- To do -
Repeat only the stretch of lines below that runs from the line with "servilletas de papel" through the line with "Gemstone Flowers Arrow", unaltered.

*** Input ***

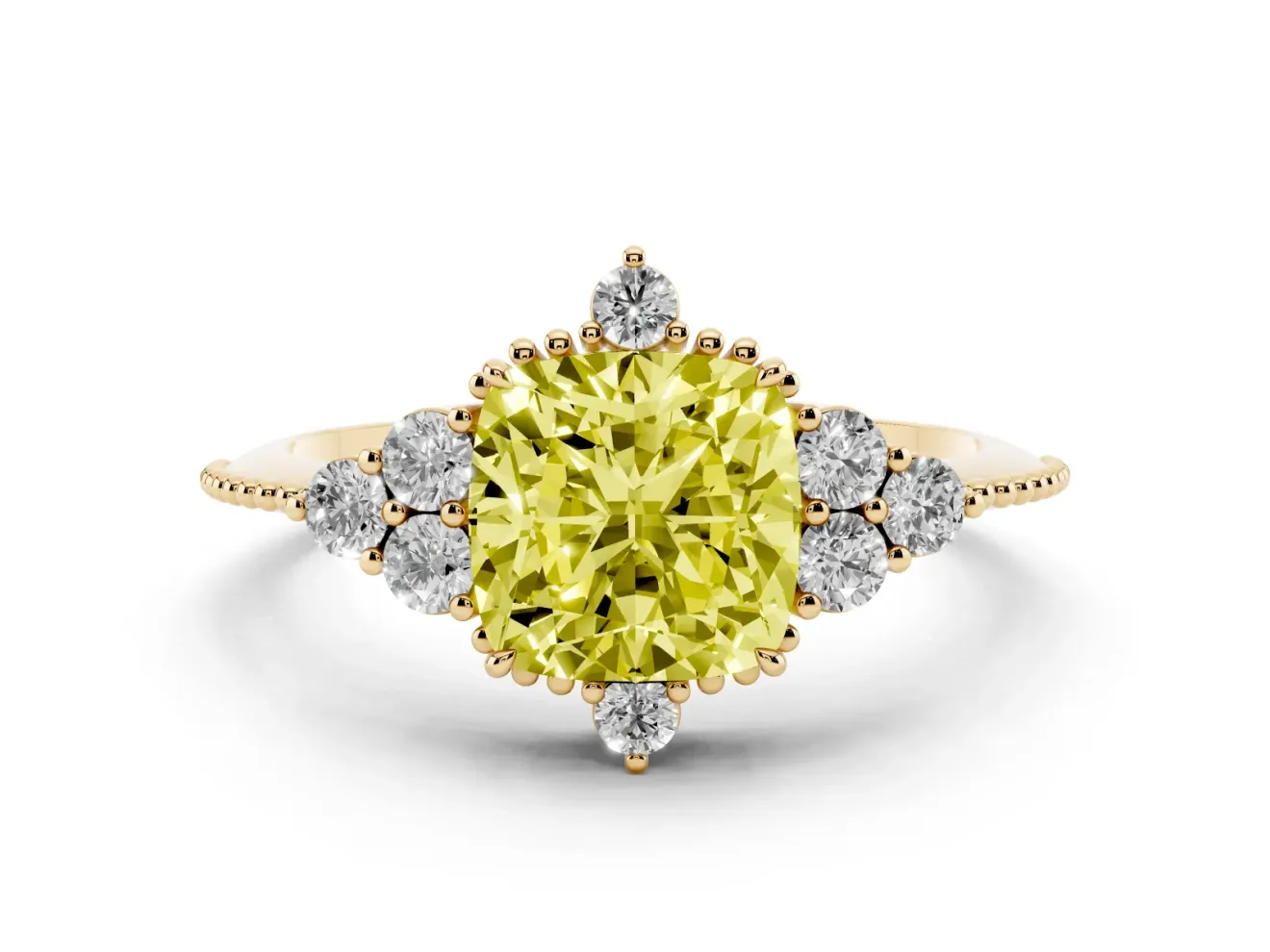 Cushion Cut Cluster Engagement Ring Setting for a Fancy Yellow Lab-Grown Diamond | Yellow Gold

***
*** Input ***

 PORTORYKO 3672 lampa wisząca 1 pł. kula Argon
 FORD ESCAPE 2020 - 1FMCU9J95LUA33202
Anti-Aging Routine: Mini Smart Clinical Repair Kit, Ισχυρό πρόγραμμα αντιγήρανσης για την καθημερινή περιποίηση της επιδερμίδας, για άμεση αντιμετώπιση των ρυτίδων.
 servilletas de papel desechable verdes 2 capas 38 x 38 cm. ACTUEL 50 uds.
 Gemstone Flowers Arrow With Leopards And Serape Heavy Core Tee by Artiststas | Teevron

***

- Your response -
 servilletas de papel desechable verdes 2 capas 38 x 38 cm. ACTUEL 50 uds.
 Gemstone Flowers Arrow With Leopards And Serape Heavy Core Tee by Artiststas | Teevron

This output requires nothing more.